But far more seductive than the beautiful bay, the heavenly climate, the paradisaical fruits, and the royal hotel of San Francisco, were the old friends whom we found, and the new ones we made there. With but one exception (and that an express-company, not a man), we were received by all our San Francisco acquaintance in a kind and helpful manner, with a welcome and a cheer as delightful to ourselves as it was honorable to them. Need I say whose brotherly hands were among the very first outstretched to us, in whose happy home we found our sweetest rest, by whose radiant face and golden speech we were most

lovingly detained evening after evening and far into the night? A few days after our return to the East, when we read that dreadful message, "Starr King is dead," the lightning that carried it seemed to end in our hearts. We withered under it; California had lost its soul for us; at noon or in dreams that balmy land would nevermore be the paradise it once was to us. The last hand that pressed our own, when we sailed for the Isthmus on our way home, was the same that had been first to give us our California welcome. Just before the lines were cast off, Starr King stood at the door of our state-room, and said, —

"I could not bear to have you go away without one more good-by. Here are the cartes-de-visite I promised. They look hard-worked, but they look like me. Good-by! God bless you! I hope to make a visit to the East next summer, and then we will get together somewhere by the sea. Good-by!"

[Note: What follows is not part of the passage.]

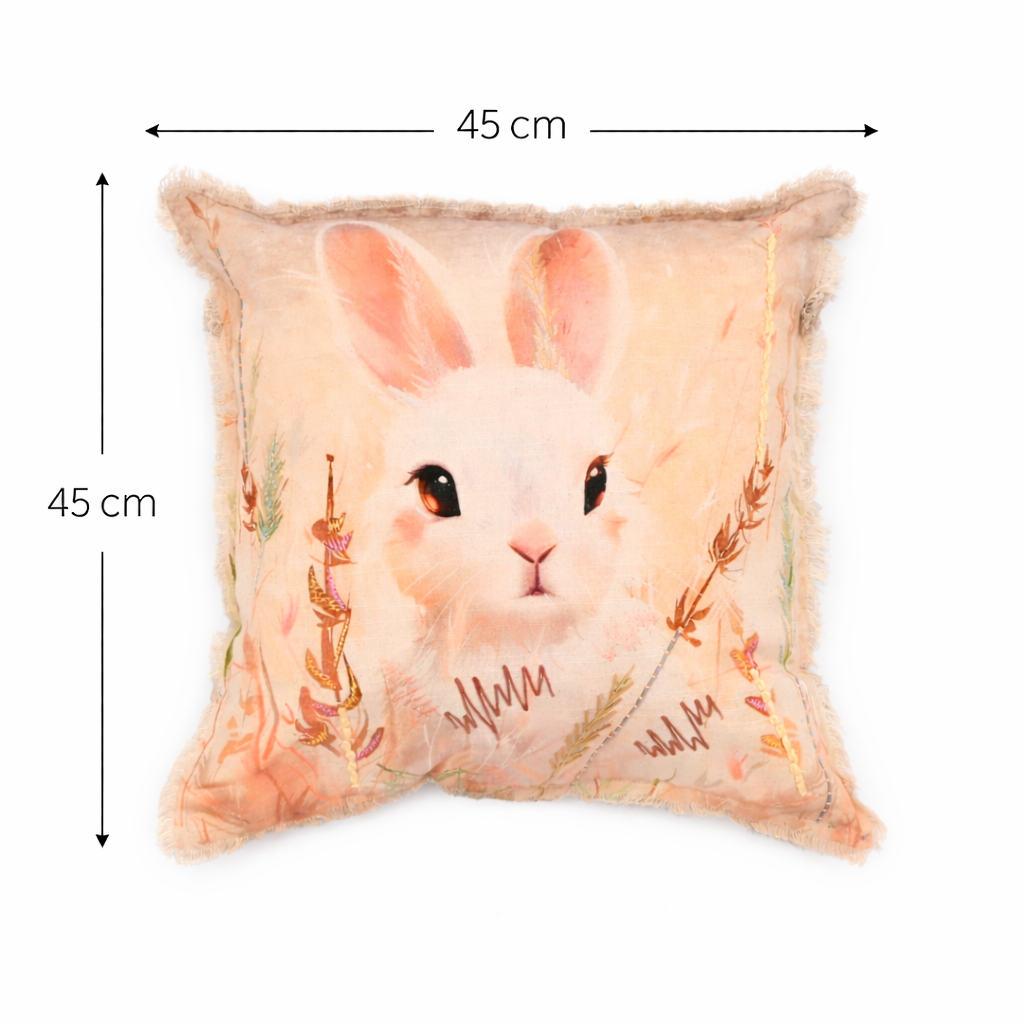 Geborduurd katoenen kussen - Alina Rabbit Design - 45 x 45 cm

He went down the ladder. When the steamer glided off, his bright face sent benedictions after us as far as we could see; and then, for the last time on earth, that great, that good, that beloved man faded from our sight, but, O! never from our hearts, either in the here or the hereafter. "We shall see him, but not now." We shall be together with him "in the summer by the sea; but that summer shall have other glory than the sun to lighten it, and the sea shall be of crystal.

King was to have joined us in our Yo-Semite trip. We little knew that we were losing, for this world, our last opportunity of close daily intercourse with his sweet spirit, though we were grievously disappointed when he told us, on the eve of our setting out, that work for the nation must detain him in San Francisco, after all.